Insured Health Plans Now Subject to Nondiscrimination Rules

Prior to enactment of the Affordable Care Act, employee health benefits provided through an insurance contract (i.e., fully insured benefits) were not subject to any income-based nondiscrimination requirements under the Tax Code. Thus, an employer could provide more generous health insurance benefits to executives or other highly compensated individuals through the purchase of individual or group insurance policies. As a reesult of the Act, that will soon change.

By contrast, self-funded plans, sometimes referred to as “self-insured” or “administrative-services-only” plans, were (and continue to be) subject to the nondiscrimination requirements of Code Section 105(h). Under that provision, if a self-funded health plan discriminates in favor of “highly compensated individuals” (or “HCIs”) — generally, the owner(s) and the highest-paid 25 percent of all employees — all or a portion of the health care expenses paid or reimbursed under the plan on behalf of those HCIs will be taxable as ordinary income.

The Act generally extends these nondiscrimination requirements to insured health plans (other than “grandfathered” plans), but with an important twist. Under a new section of the Public Health Service Act (“PHSA”), as well as a new provision of the Tax Code making that section of the PHSA applicable to all types of employers, insured plans must now satisfy the nondiscrimination requirements of Code Section 105(h) as if that section applied to those plans. However, these insured plans are not actually subject to Section 105(h).
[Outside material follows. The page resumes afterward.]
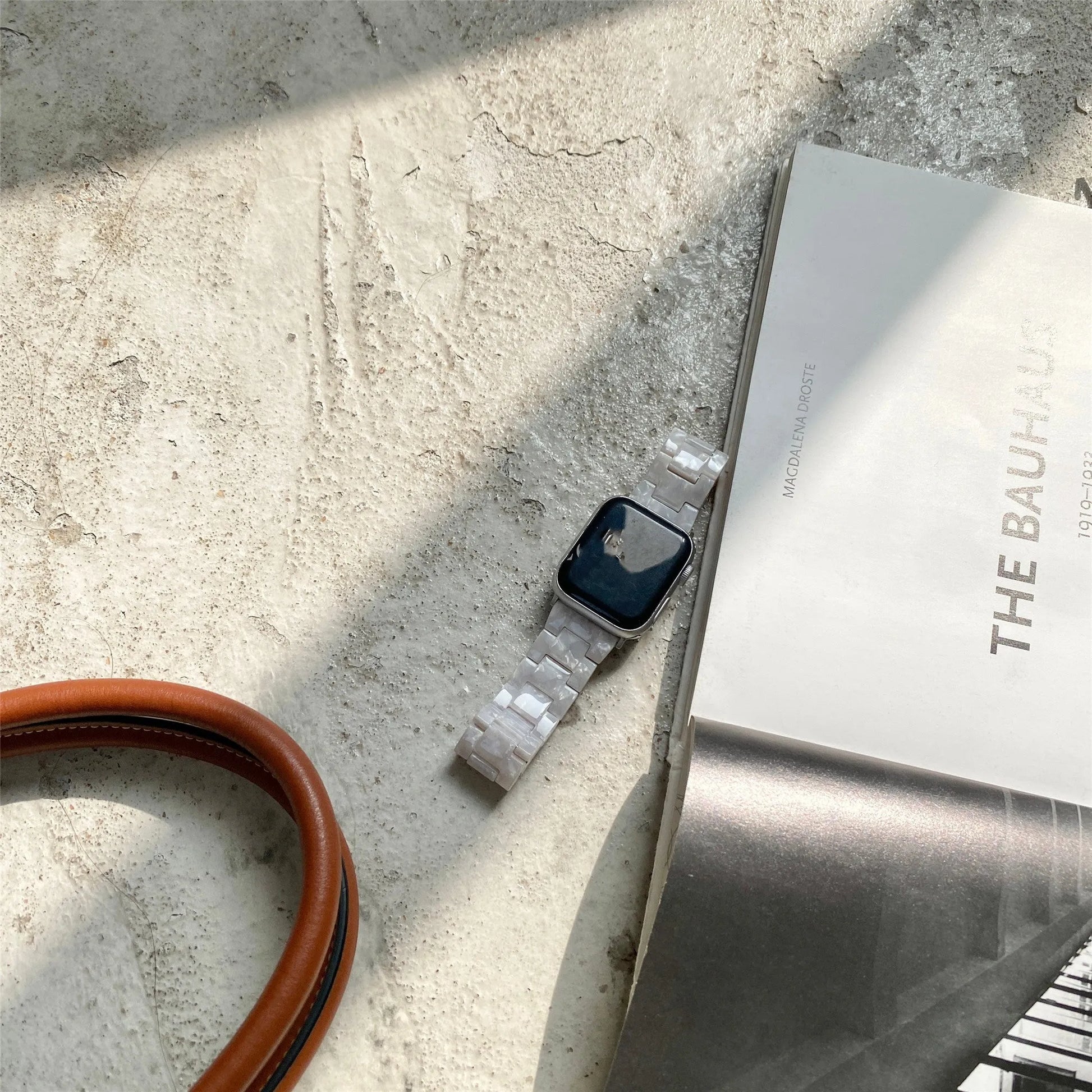 White and gray shell pattern resin strap for Apple Watch on a wrist.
This distinction is significant. If an insured plan violates the Section 105(h) requirements (by favoring HCIs in terms of either eligibility or benefits), the benefits provided under the plan will not be taxed to the HCIs. Instead, the plan administrator will be subject to a penalty (under the HIPAA provisions of the Code) equal to $100 per day per affected participant, up to an annual limit of $500,000 per year. With certain exceptions, small employers (those with 50 or fewer employees) are not subject to this penalty tax.

As noted above, this new provision applies to insured health plans other than those in existence on March 23, 2010 (i.e., “grandfathered” plans), and solely to plan years beginning on or after September 23, 2010. Consequently, plans that discriminate in favor of HCIs will now fall into one of the following three categories:

• Self-funded plans (regardless of their status as “grandfathered” plans) will continue to be subject to Code Section 105(h), under which discriminatory benefits are taxable to HCIs;

• Insured plans that are “grandfathered” may continue to discriminate in favor of HCIs without consequence; and

• Insured plans that are not “grandfathered” (and that are sponsored by employers with more than 50 employees) will be subject to a significant excise tax if they discriminate in favor of HCIs in any plan year beginning after September 23, 2010.